Same as on the play, but also plus a Duress and minus a The Scarab God

Kitesail Freebooter is great because it slows them down significantly when they kill it and sometimes they don't have multiple removal spells so it even sticks and blocks their one-drops. When that happens Hostage Taker is all-star, but they have plenty of burn spells, so it's not that common. My advice would be to be very aggressive with trying to set up God-Pharaoh's Gift – most of the time even ignoring the fact that they could have Abrade – because that and a good draw is very hard to beat. Their best card is not Hazoret – because that one is pretty easy to chump block for few turns and you can gain life to not get burned out by his ability – but Rampaging Ferocidon. It doesn't die to a normal Fatal Push, is hard to block and punishes us for playing blockers and prevents life gain. True nightmare to deal with. After sideboard, they don't improve by much and you get some extra removal and Duress to help with getting God-Pharaoh's Gift online. You don't want to overdo something, which is why only a few copies of those cards are sideboarded in, because drawing multiples when they are not good is death sentence.

Abzan Tokens

+4 Negate
+3 Duress
+1 Search for Azcanta
+2 Cataclysmic Gearhulk


-2 Fatal Push
-4 Walking Ballista
-3 Hostage Taker
-1 Angel of Invention

Game one is rough, because your only interaction is Kitesail Freebooter, and that won't be in play forever. You need to get God-Pharaoh's Gift into play as soon as possible and hope it is good enough. Post-board, on other hand, this matchup shifts dramatically. With Negate, Duress, Cataclysmic Gearhulk and robust card advantage engines in Search for Azcanta and Champion of Wits, it is very easy to answer all of their relevant cards and win with card advantage. The only card that is annoying to play against is Angel of Sanctions, so if they have plenty of those I suggest sideboarding a couple Vraska's Contempt for Angel of Invention and Gate to the Afterlife.

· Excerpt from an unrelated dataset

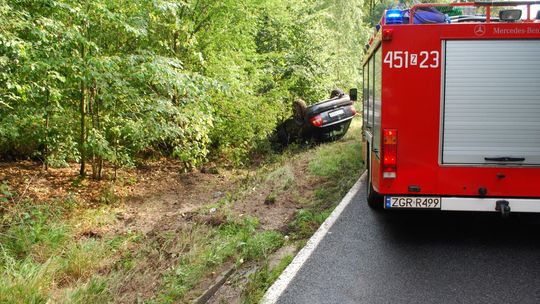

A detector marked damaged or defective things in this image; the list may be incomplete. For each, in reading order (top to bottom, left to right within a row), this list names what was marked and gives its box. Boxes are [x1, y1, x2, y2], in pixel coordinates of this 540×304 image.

overturned car [276, 88, 356, 145]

Lastly, let me round up this article by some tips:

- Azcanta, the Sunken Ruin is not as good in this deck as in others, especially pre-board, so when you don't need the land, consider keeping it unflipped, which helps you to put more creatures in your graveyard for Gate to the Afterlife.

- Try to not sideboard that much if you need God-Pharaoh's Gift active soon in the matchup. Usually in creature matchups you need it, and in non-creature matchups you can win just with disruption and value cards.

- Don't forget that Angel of Invention boosts Champion of Wits, so you get to draw extra card!

- The deck is very mana hungry, so if you are not sure, play Fetid Pool.

- Often you want to discard a card to Chart a Course, so make sure to play it precombat.

That is all for today, I hope you will enjoy playing with this deck as much as I did, and if you have any questions let me know!